Die emotionale Wirkung der auf den ersten Blick schlicht wirkenden Schilder entsteht durch den Gegensatz von Einfachheit und Tiefgang: Jeder dieser Namen steht für eine NS-Haftstätte, darunter auch immer wieder Orte in unmittelbarer Umgebung von Ibbenbüren. Anlass für diese Aktion war der internationale Holocaust-Gedenktag am vergangenen Sonntag.

Seit 2005 wird der 27. Januar, der Tag, an dem die Rote Armee 1945 das Konzentrationslager Auschwitz-Birkenau von seinem Grauen befreite, als internationaler Holocaust-Gedenktag begangen. Das Johannes-Kepler-Gymnasium leistet durch jährliche Aktionen in der Stadt oder im Schulgebäude einen Beitrag, diesen Gedenktag ins Bewusstsein möglichst vieler Menschen zu rücken, heißt es in der Pressemitteilung weiter.

In diesem Jahr waren die Q2-Schüler aus einem Zusatzkurs Geschichte federführend an der Umsetzung beteiligt. Im Unterricht hatten sie sich zuvor mit der Ausgrenzung, Verfolgung und Vernichtung der europäischen Juden seit 1933 beschäftigt. Aus dem Unterricht ergab sich die Projektidee: Den Schülerinnen und Schülern fiel auf, dass in der öffentlichen Diskussion vor allem die Erinnerung an das Vernichtungslager Auschwitz im Vordergrund steht, obwohl es mit den Lagern im polnischen Belzec, Chelmno, Majdanek, Sobibor und Treblinka noch weitere nationalsozialistische Vernichtungslager gab.

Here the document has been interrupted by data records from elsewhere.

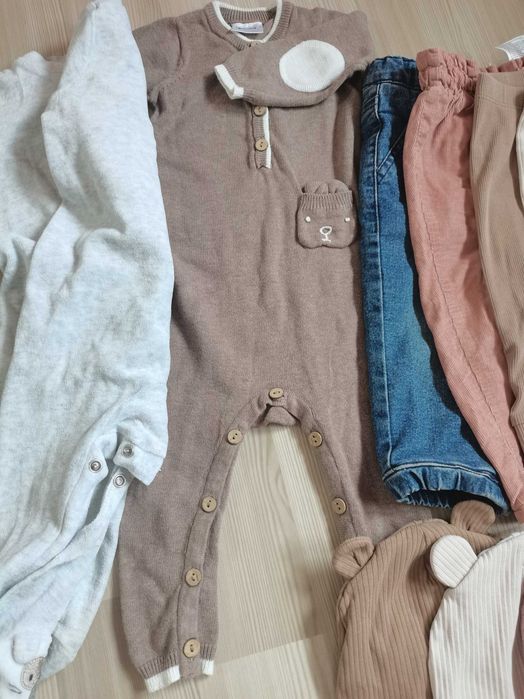 Set hainute+căciuli 6-9 luni
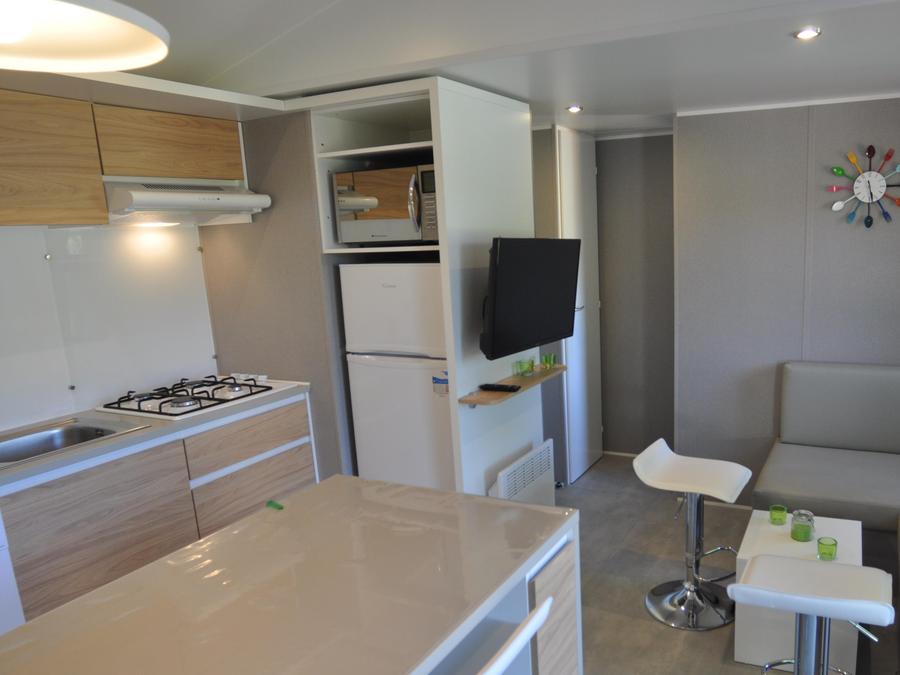 Mobilhome 6 personnes - Confort Plus, 3 chambres avec cabane trappeur 7
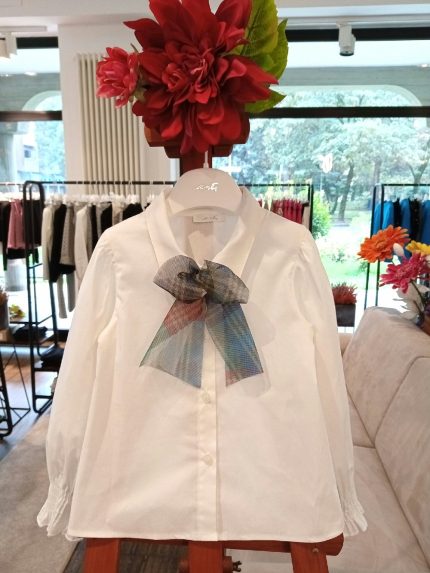 Camicia bimba Camicia a manica lunga in cotone stretch con fiocco multicolor in tulle, fondo manica arricciato. Made in Italy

Die Verfolgung rassisch oder politisch Verfolgter fand in über 20 weiteren Konzentrationslagern, mehreren tausend Lagern und NS-Haftstätten statt. Allein 2223 Orte der NS-Verfolgung hat ein belgisches Forschungsprojekt in einer Europakarte zusammengetragen. Diese Karte diente den Schülerinnen und Schülern als Grundlage für ihr Projekt. Sie wollten mit ihrer Aktion auf diese erschreckend hohe Zahl an NS-Haftstätten aufmerksam machen, die das von Deutschland besetzte Europa engmaschig überzogen.

„So schlicht die Schilder mit Ortsnamen vielleicht im Einzelnen erscheinen, der Wirkung der insgesamt über 1000 Schilder im gesamten Schulgebäude kann sich wohl keiner entziehen“, erklärt Geschichtslehrer Johannes Leushacke, der sich für das Projekt verantwortlich zeigte.

Dieser Teil der deutschen Geschichte dürfe nicht in Vergessenheit geraten, „sondern wir müssen daraus lernen“. Das ist gerade in der heutigen Zeit, in der es vielerorts zu Fremdenhass und Ausgrenzung kommt, enorm wichtig, so Leushacke weiter zu dem Projekt.